Trematoceras Temporal range: U Triassic

Scientific classification
- Kingdom: Animalia
- Phylum: Mollusca
- Class: Cephalopoda
- Order: †Orthocerida
- Family: †Orthoceratidae
- Genus: †Trematoceras Eichwald, 1851

= Trematoceras =

Extinct genus of nautiloids

Trematoceras, from Ancient Greek τρῆμα (trêma), meaning "perforation", and κέρας (kéras), meaning "horn", is an orthoconic nautiloid cephalopod from the Upper Triassic of Europe and Asia named by Eichwald in 1851.

==Taxonomy==
Trematoceras is included in the Michelinoceratinae, a subfamily of the Orthoceratidae

==Morphology==
Trematoceras has a slender, subcylindrical shell with a bluntly pointed apex, long chambers, straight transverse sutures, and a smooth or faintly cancellated surface.

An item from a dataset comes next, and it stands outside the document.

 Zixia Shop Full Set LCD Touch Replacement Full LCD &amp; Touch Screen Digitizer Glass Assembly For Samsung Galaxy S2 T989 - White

The siphuncle is central, tubular, and empty; septal necks short, orthochoanitic; connecting rings cylindrical or only faintly expanded. Chambers contain prominent lamellar mural and episeptal deposits.

==Distribution==
Trematoceras has been found in Upper Triassic sediments in Afghanistan, Kazakhstan, and the Russian Federation.